Dataset records
* * *

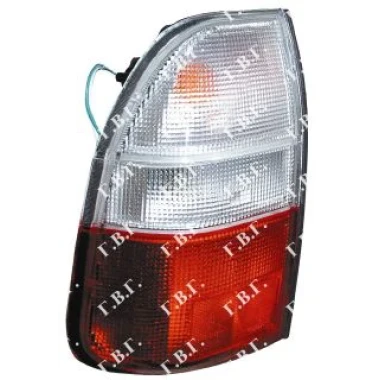 STOP LAMPA KOMPLET (BELI MIGAVAC)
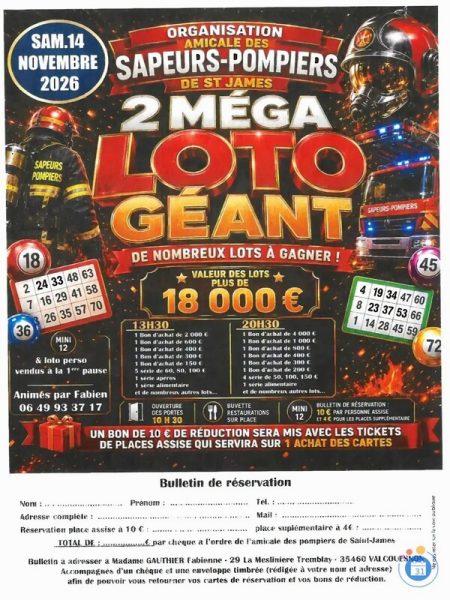 Loto géant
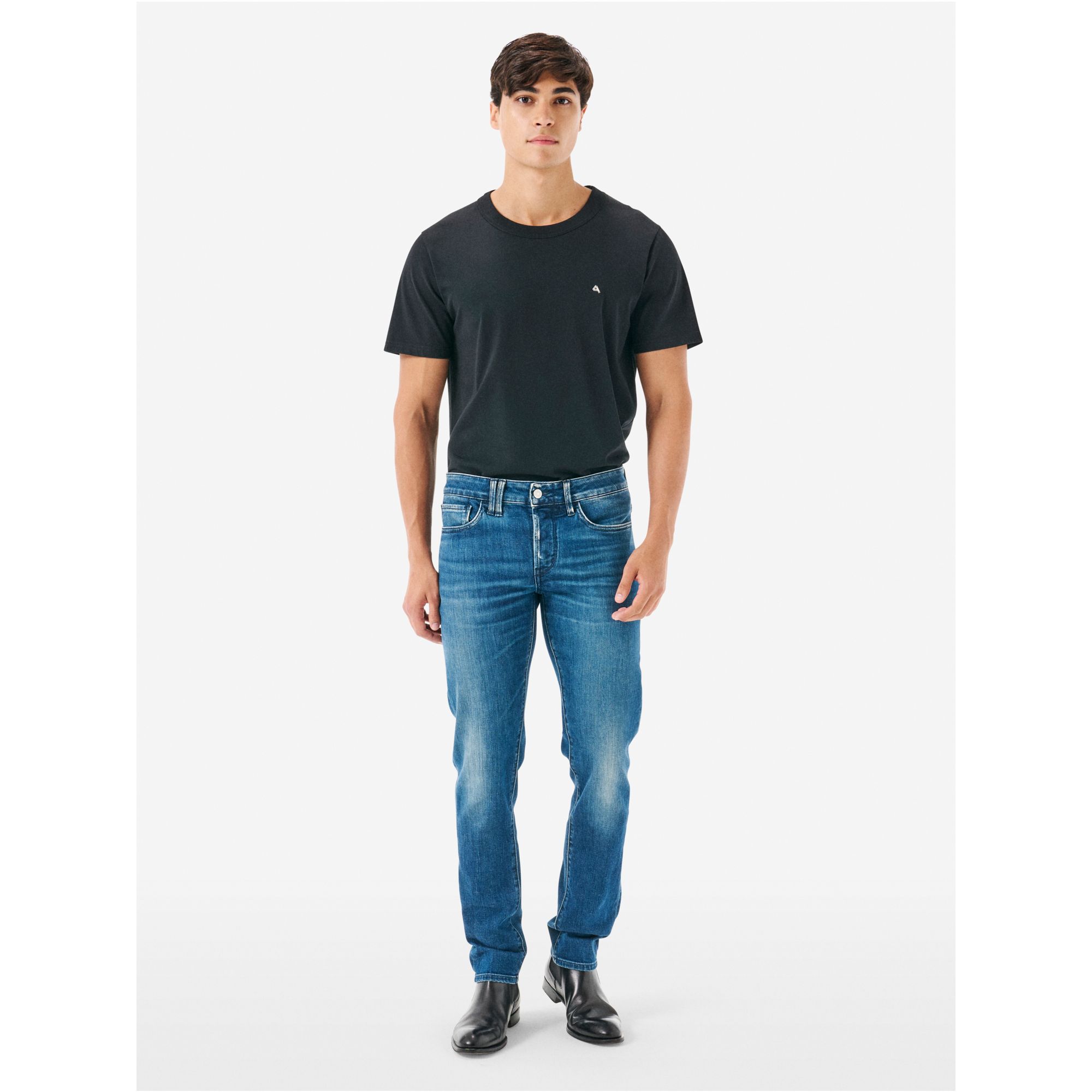 Bone comfort skinny medium vintage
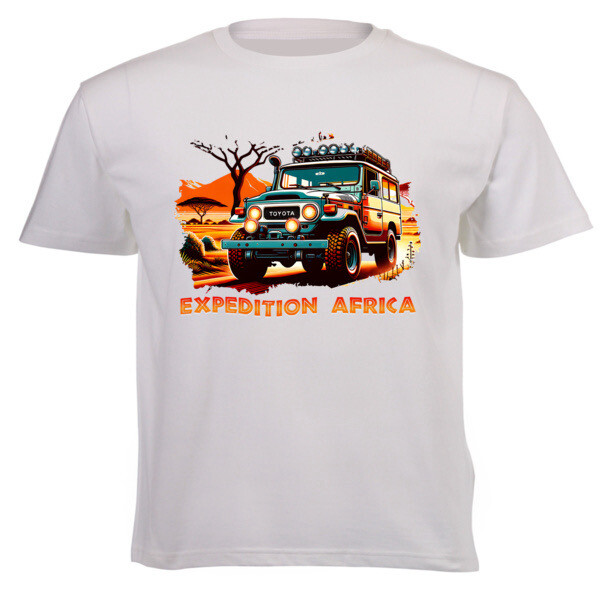 Expedition Africa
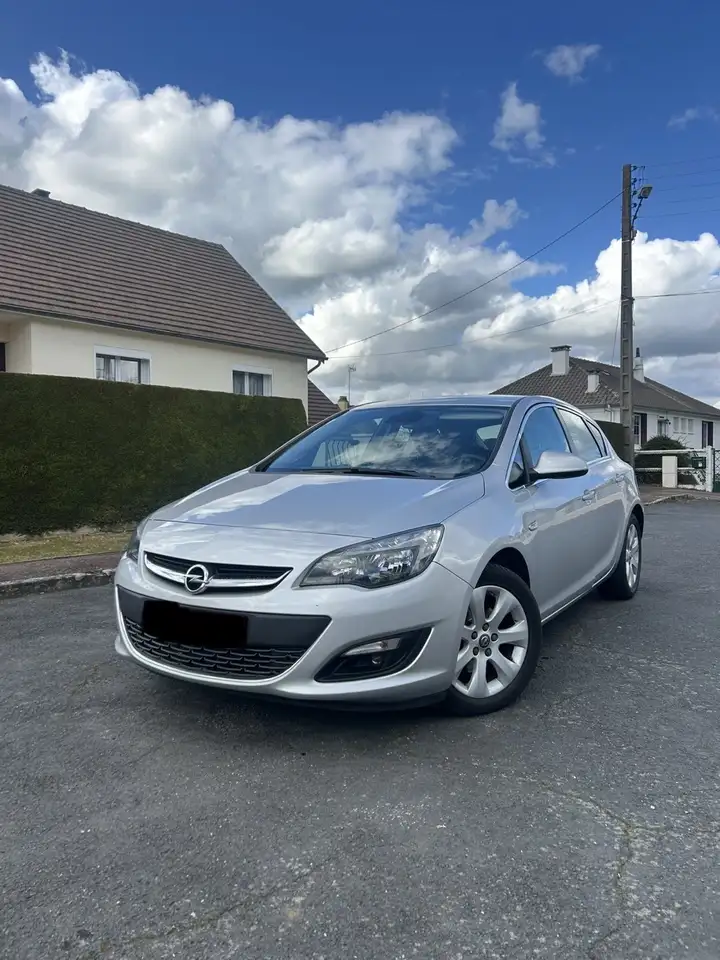 Opel Astra AFFAIRES 1.6 CDTI 110 CH FAP ECOFLEX STA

* * *

▸ WORK TO BE COMPLETED: Each line above has to be returned exactly. Drop the pictures.

▸ TASK RESPONSE:
 STOP LAMPA KOMPLET (BELI MIGAVAC)
 Loto géant
 Bone comfort skinny medium vintage
 Expedition Africa
 Opel Astra AFFAIRES 1.6 CDTI 110 CH FAP ECOFLEX STA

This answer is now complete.